Since 1994, RODI has been supporting ex-offenders in their community reintegration and Aftercare with support from Tudor Trust GLS Future Foundation for Development and Bread for the World. The process involves follow up of trained prisoners upon release and working with them and their home communities to provide technical backstopping during the reintegration and after-care process.
A majority of convicted prisoners have at least one prior conviction, either as a juvenile or an adult, this therefore calls for a comprehensive crime prevention and community development programs to include effective measures to prevent and stop the cycle of recidivism.

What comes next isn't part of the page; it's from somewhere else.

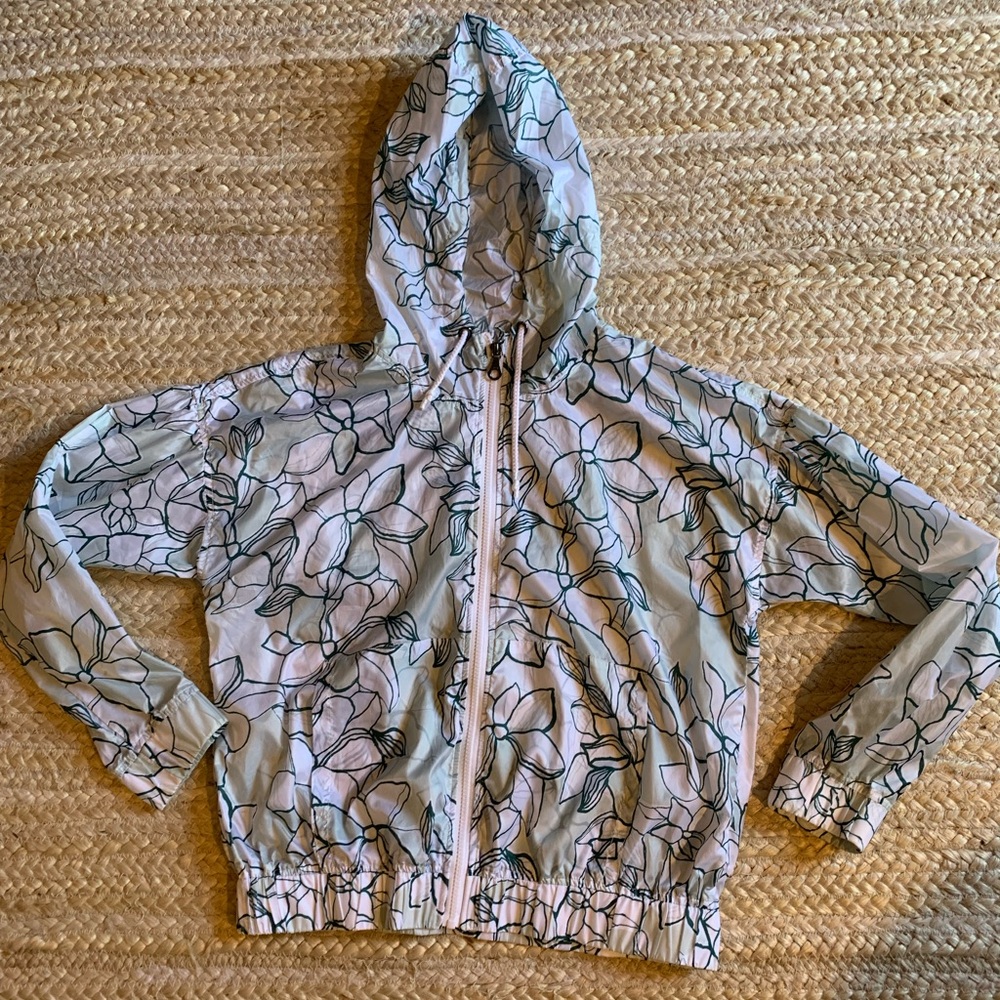 JoyLab Women’s Windbreaker Hoodie - White and Mint Floral size M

Prisoners confined in correctional institutions are confronted by a range of social, economic and personal challenges that tend to become obstacles for effective reintegration and community acceptance.
Ex-prisoners are confronted by a range of social, economic and personal challenges upon release from prison. This challenges tend to become obstacles for effective reintegration and community acceptance and may hinder their ability to become law-abiding citizens. There are also several practical challenges that are faced by offenders at the time of their release, including
- Lack of basic needs such as food, clothing and even transport to their homes
- Rejection by immediate family members, friends and the community thus finding it hard to get suitable accommodation at time of release
- Lack of self-support in form of employment income, lack of savings etc.
- Difficulty in accessing a range of everyday necessities and amenities.
Over the last 20 years of partnership with Kenya Prisons Service, we have supported reintegration of more than 1,500 ex-offenders in Kenya and other neighbouring countries. However, this forms only 20% of those RODI has trained. About 80% of trained prisoners are not followed up due to limited resources (human, Materials and financial).
As part of reintegration, ex-prisoners are encouraged to practice and pass on the skills learned to the community; they are also followed up to monitor their performance. To speed up their acceptance and to address poverty at community level, ex-prisoners are encouraged to form Community Livelihood Improvement Groups (CLIGs); to date we have more than 50 CLIGs formed around ex-prisoners.
The reintegration support also include additional training in areas of agro-ecology; agro processing and value addition as well as provide material support to enable ex-prisoners to initiate income generating activities in farming and other enterprises. The ex-prisoners will be encouraged to pass on the skills to other members of the community and be encouraged and supported to form community groups. 75% of the ex-prisoners fall between the ages 18 to 35 years, In addition, the initiative targets to enhance the capacity of ex-prisoners to become community trainers within the counties to support community training in sustainable agriculture, value addition and agro processing
The follow up intervention has contributed to a significant reduction of re-offending among ex-prisoners whereby only 4-5% have re-offended as compared the national average re-offending rate of 47%. This is a great contribution to the country’s effort of rehabilitation and reintegration.